----- Source data

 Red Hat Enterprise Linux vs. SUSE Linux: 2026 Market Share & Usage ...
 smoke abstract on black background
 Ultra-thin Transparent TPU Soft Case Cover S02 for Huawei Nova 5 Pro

----------
----- Source data

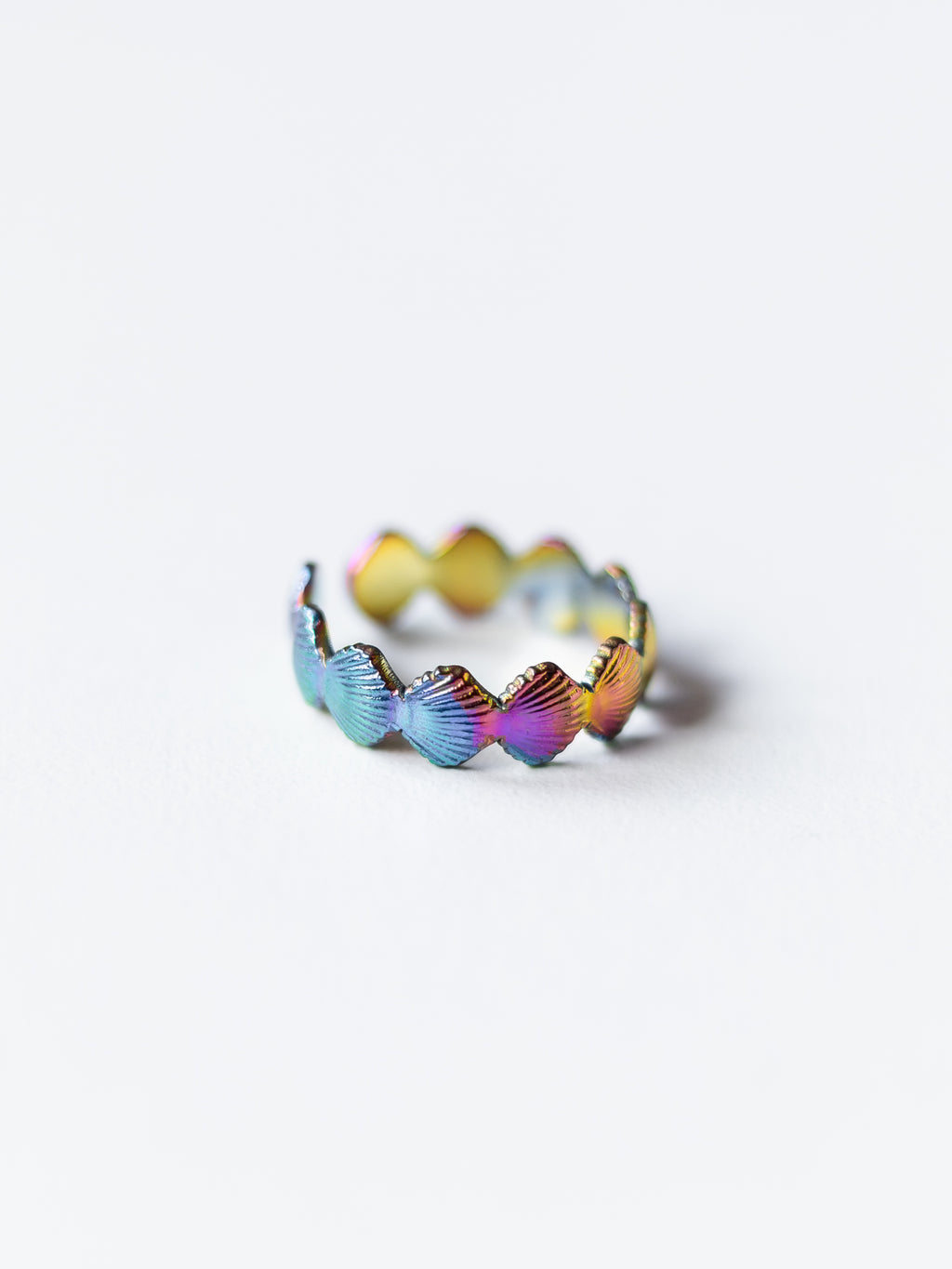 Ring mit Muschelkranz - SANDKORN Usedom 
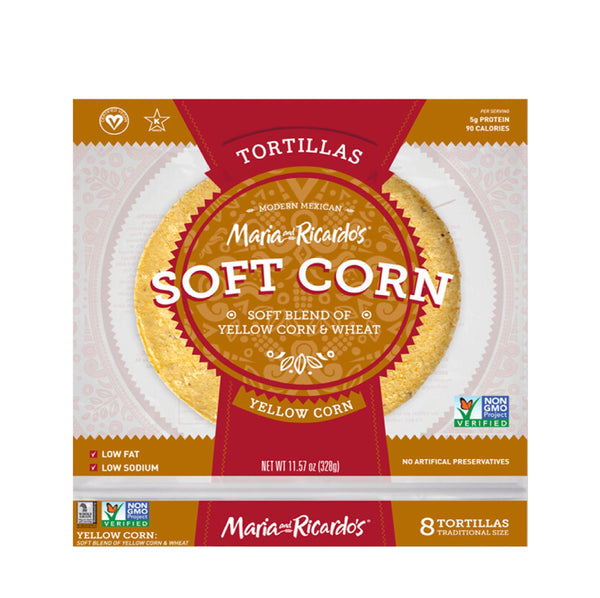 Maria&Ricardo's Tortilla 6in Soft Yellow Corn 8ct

----------
----- Source data

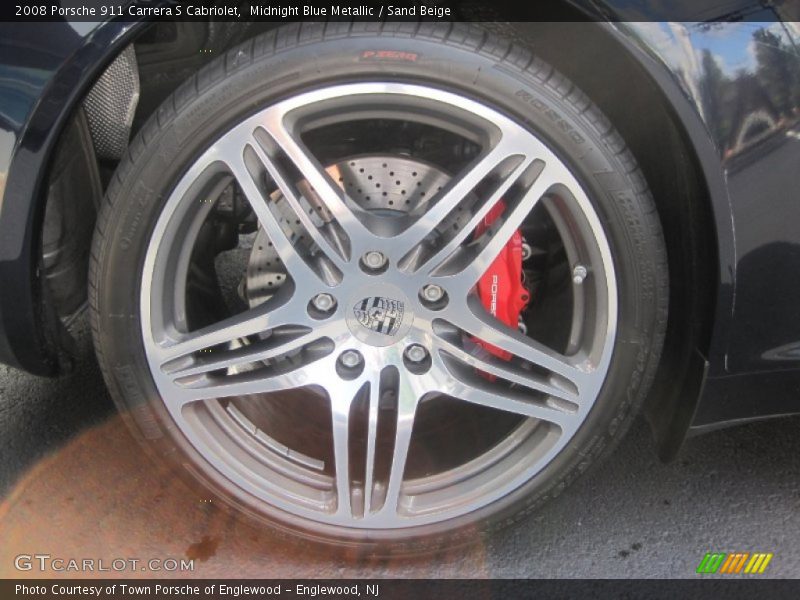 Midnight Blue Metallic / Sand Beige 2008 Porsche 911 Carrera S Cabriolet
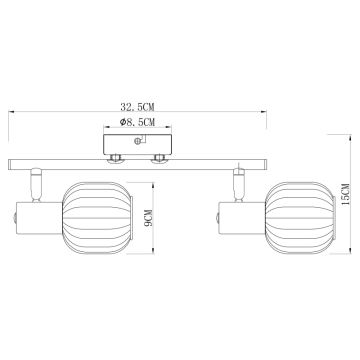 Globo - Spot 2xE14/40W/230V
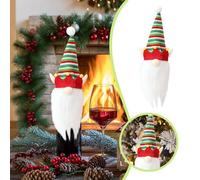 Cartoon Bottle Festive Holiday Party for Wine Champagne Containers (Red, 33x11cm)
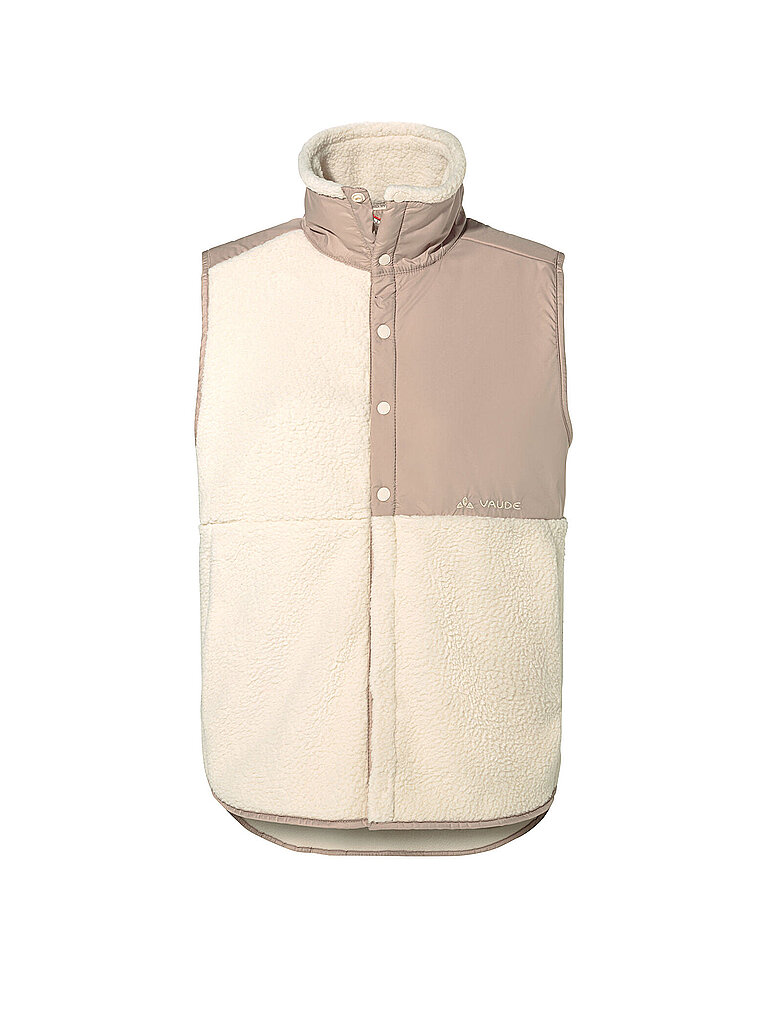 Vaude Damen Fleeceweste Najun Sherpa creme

----------

**Instructions to follow**
Using the entries above, reproduce word for word only the lines from the one that contains "Ring mit Muschelkranz - SANDKORN Usedom" to the one that contains "Maria&Ricardo's Tortilla 6in", both ends included, and drop every picture.

**Expected answer**
 Ring mit Muschelkranz - SANDKORN Usedom 
 Maria&Ricardo's Tortilla 6in Soft Yellow Corn 8ct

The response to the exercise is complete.